Use Spot for task nodes: Task nodes hold no HDFS data, so Spot interruptions only slow the job, they do not corrupt it. Spot can be 60-80% cheaper than On-Demand. Always keep at least one On-Demand master and enough On-Demand core nodes for your HDFS replication factor.

Right-size the cluster: Use the Spark UI to check whether executors are memory-constrained (look for GC overhead) or CPU-constrained (look for CPU utilisation). Over-provisioning memory is a common and expensive mistake.

Use transient clusters: Spin up for the job, terminate when done. An idle cluster costs the same as a busy one.

Enable auto-scaling: For long-running clusters, EMR auto-scaling adds and removes task nodes based on YARN pending memory or a custom CloudWatch metric. This prevents paying for idle capacity during off-peak hours.

Use S3 instead of HDFS: Store all persistent data in S3. HDFS requires core nodes with storage, which are more expensive than task nodes. With S3 as the data store, you can run a minimal number of core nodes.

Real-World Scenario: Daily Log Processing Pipeline

A SaaS company processes 500 GB of application logs per day. The data arrives in S3 throughout the day in compressed JSON format. Each night at 02:00, a transient EMR cluster runs four Spark jobs:

Parse raw JSON and extract structured fields
Join events with a user dimension table
Aggregate session metrics by user and day
Write output to S3 in Parquet, partitioned by date

The cluster uses 1 On-Demand m5.xlarge master, 2 On-Demand m5.2xlarge core nodes, and 8 Spot m5.xlarge task nodes (instance fleet with three alternative types). The cluster runs for 45 minutes and terminates automatically. Total cost: approximately $2.80 per night. An equivalent always-on setup would cost$ 180+ per month.

Interview Notes

Q: What is the difference between core nodes and task nodes? Core nodes run YARN NodeManager and HDFS DataNode — they store data and process tasks. Task nodes run only YARN NodeManager — they process tasks but do not store HDFS data. Because task nodes hold no data, they can be Spot instances. Losing a task node slows the job; losing a core node can cause HDFS data loss if replication is insufficient.
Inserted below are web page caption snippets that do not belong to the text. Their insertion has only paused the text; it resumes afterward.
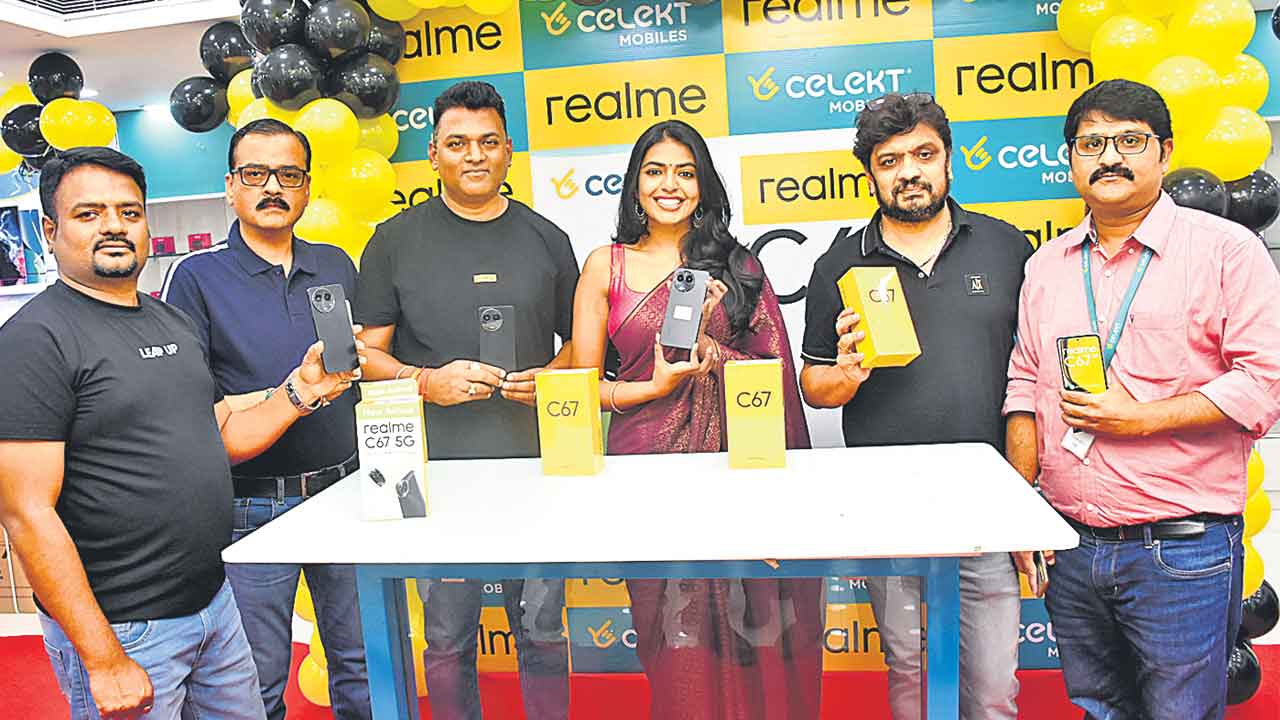 సెలెక్ట్‌లో రియల్‌మీ సీ67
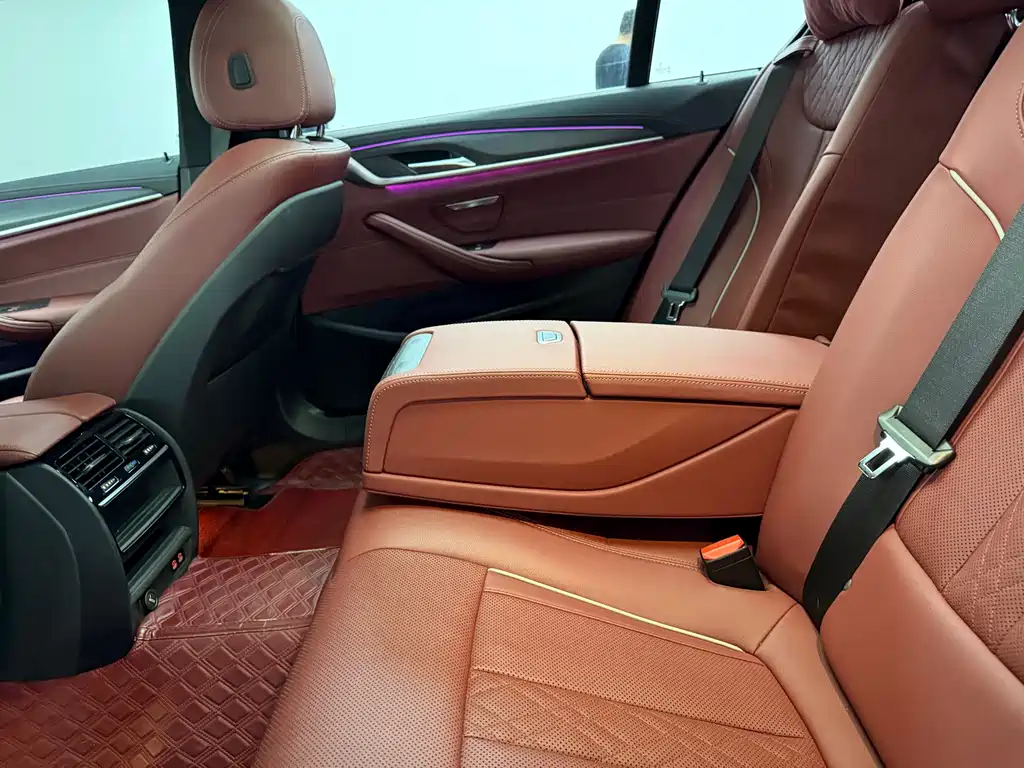 BMW 5 Series 2022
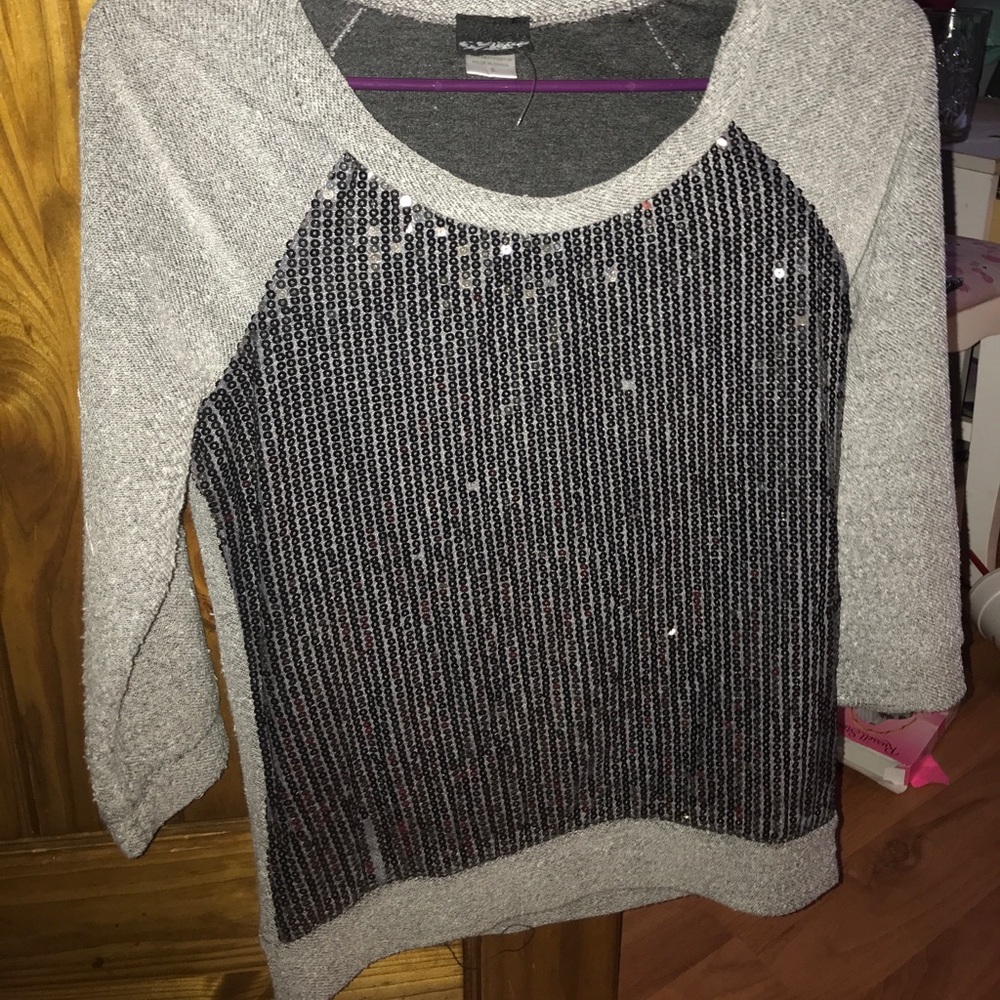 A sparkly day trip shirt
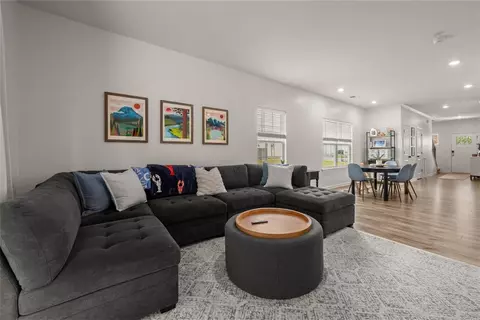 Living - 508 Brasstown Ct, Pendleton, SC 29670 photo 2 of 2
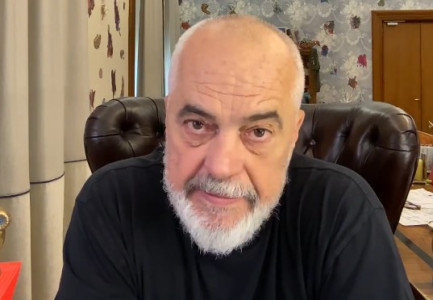 Publikon pamjet nga aksioni për lirimin e hapësirave publike, Rama: Ecim!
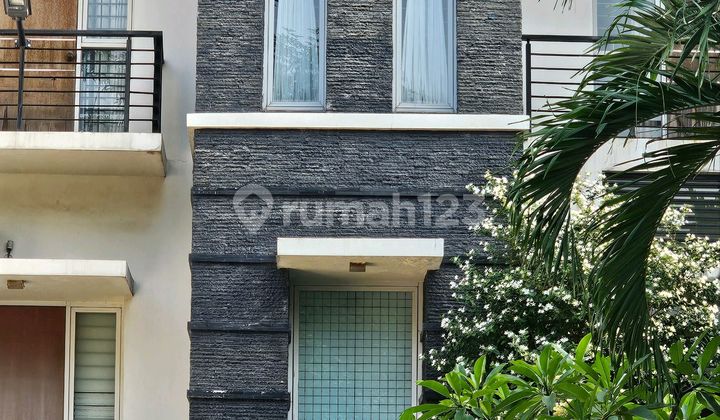 Rumah Permata Buana, 3 Lt, Jarang Ada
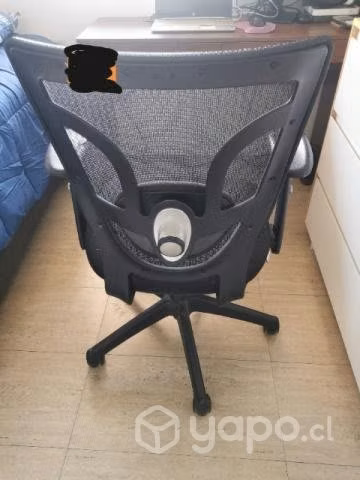 Silla escritorio ejecutiva ergonómica 40.000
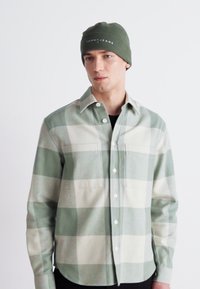 Tommy Jeans LINEAR LOGO BEANIE UNISEX - Pipo - deep woods
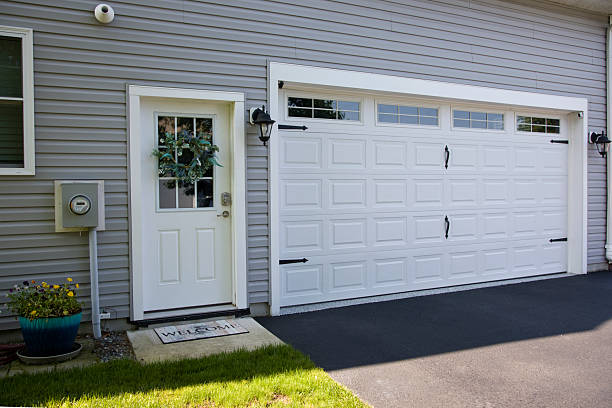 24/7 Emergency Garage Door Panel Replacement experts in Lexington, VA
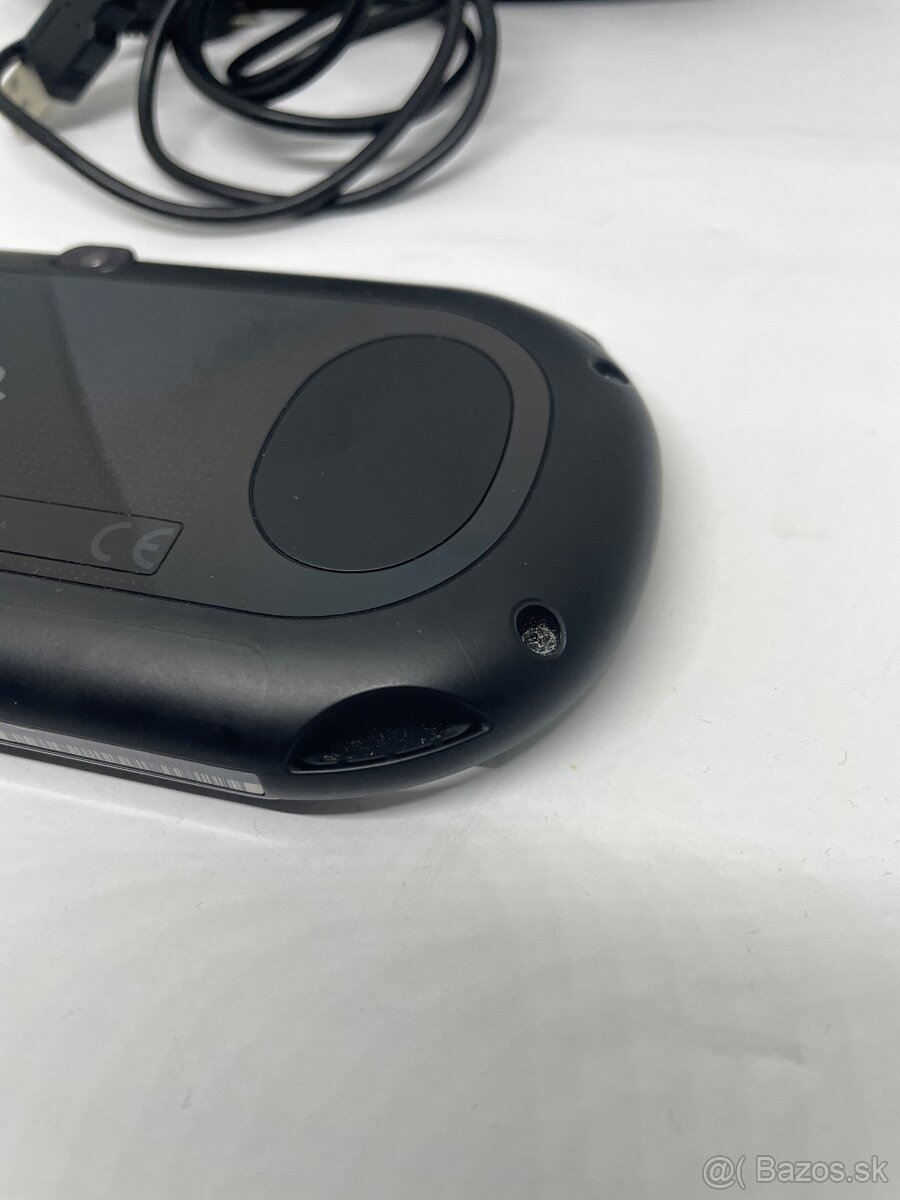 PS Vita PCH-2004 LCD verzia - 11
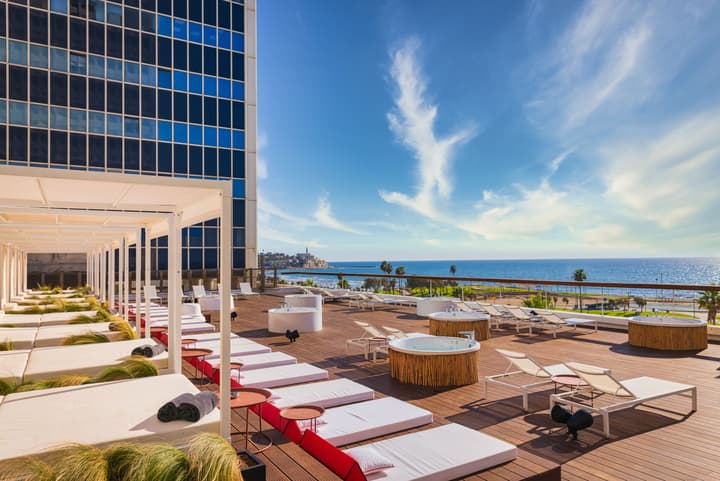 Brut Seafront Hotel By Sunday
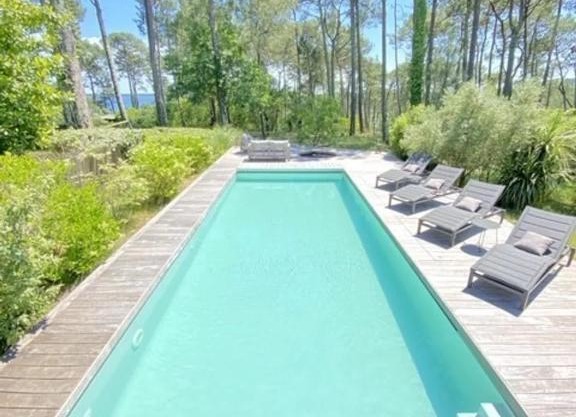 Biscarrosse Hautes Rives Villa avec piscine vue lac pour 12 personnes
Q: What is EMRFS, and why does it matter? EMRFS is a connector that allows EMR to use S3 as a distributed file system. It implements the Hadoop FileSystem API for S3, enabling Spark and Hive jobs to read and write S3 with the same API calls they would use for HDFS. EMRFS consistent view (now powered by S3 strong consistency) prevents issues where a file written by one node is not immediately visible to another.

Q: When would you choose EMR over Glue? Choose EMR when you need full control over Spark configuration, custom JARs or libraries not available in Glue, specific instance types, persistent clusters for interactive workloads (JupyterHub), or non-Spark frameworks like Flink or Presto. Choose Glue when you want zero cluster management and are building scheduled Spark batch ETL jobs.

Q: What is a bootstrap action in EMR? A shell script that runs on every node in the cluster before the framework software starts. Used to install additional libraries, set environment variables, configure system settings, or copy custom configuration files from S3.